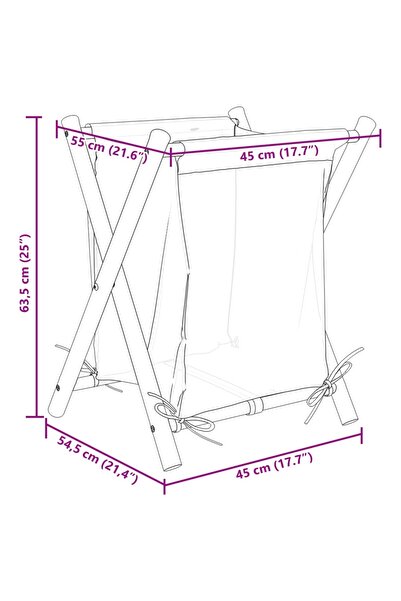 vidaxl Laundry Basket Cream White 45x55x63.5 cm Bamboo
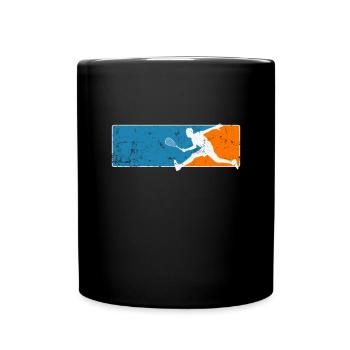 Squash schneller Spieler mit Tennisschläger - Tasse einfarbig - Schwarz - Vorne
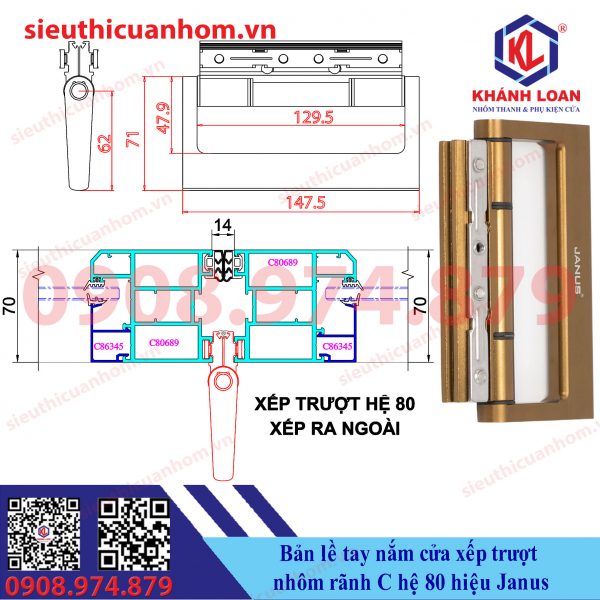 Bản lề tay nắm cửa xếp trượt hệ 80 rãnh C hiệu Janus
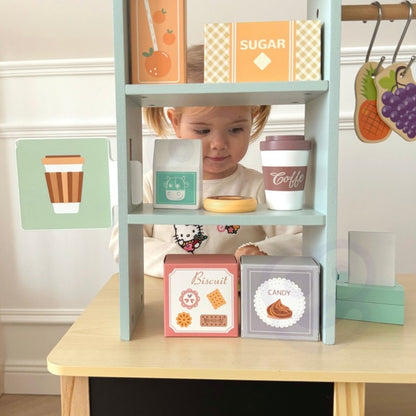 All 73 loose pieces of Woopie wooden food truck set including food, currency, and accessories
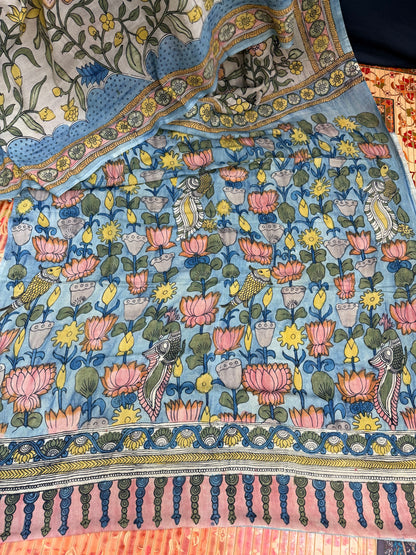 Silkcotton Penkalamkari Saree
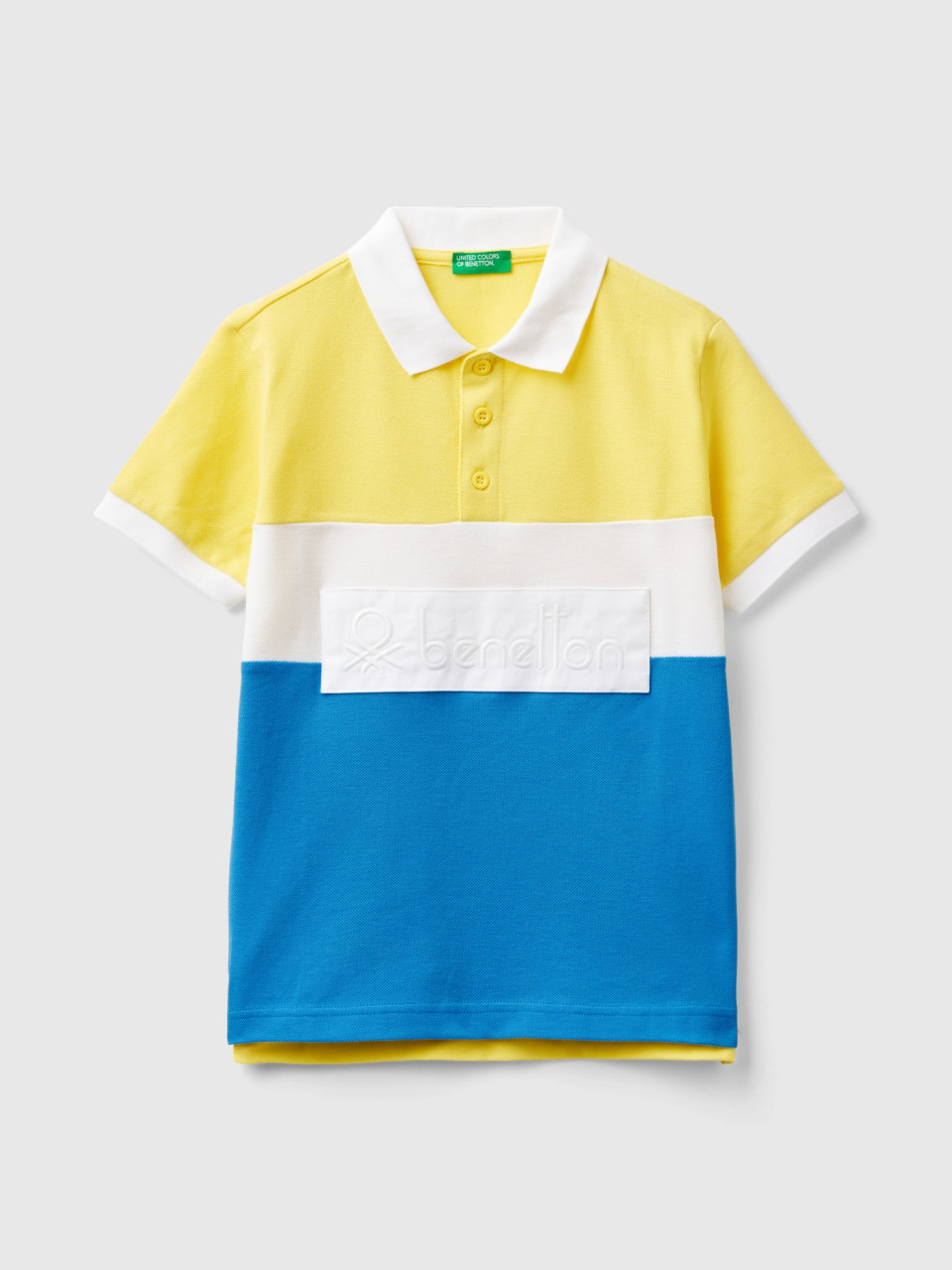 Benetton, Color Block Polo Shirt In Organic Cotton, Yellow, Kids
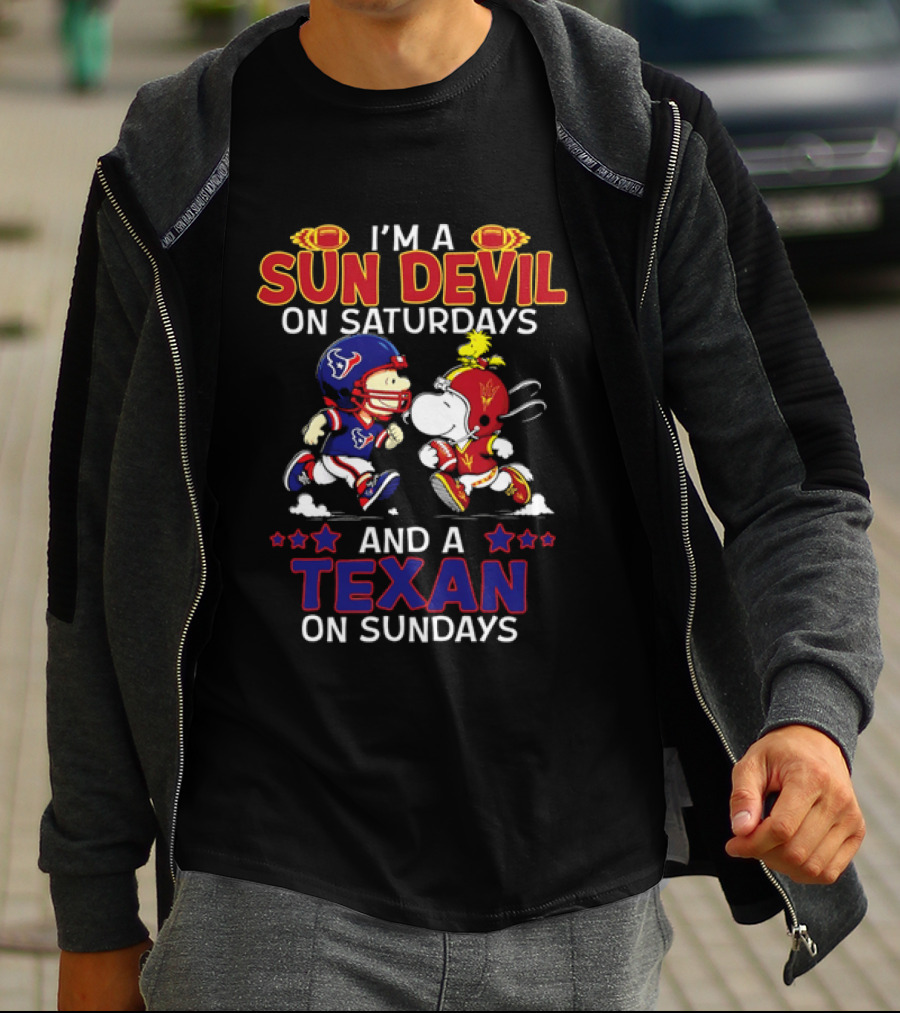 I'm A Sun Devil On Saturdays And A Texan On Sundays Snoopy Charlie Brown Football T-Shirt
+++
An exact reproduction of the data is required, with pictures excluded.

 vidaxl Laundry Basket Cream White 45x55x63.5 cm Bamboo
 Squash schneller Spieler mit Tennisschläger - Tasse einfarbig - Schwarz - Vorne
 Bản lề tay nắm cửa xếp trượt hệ 80 rãnh C hiệu Janus
 All 73 loose pieces of Woopie wooden food truck set including food, currency, and accessories
 Silkcotton Penkalamkari Saree
 Benetton, Color Block Polo Shirt In Organic Cotton, Yellow, Kids
 I'm A Sun Devil On Saturdays And A Texan On Sundays Snoopy Charlie Brown Football T-Shirt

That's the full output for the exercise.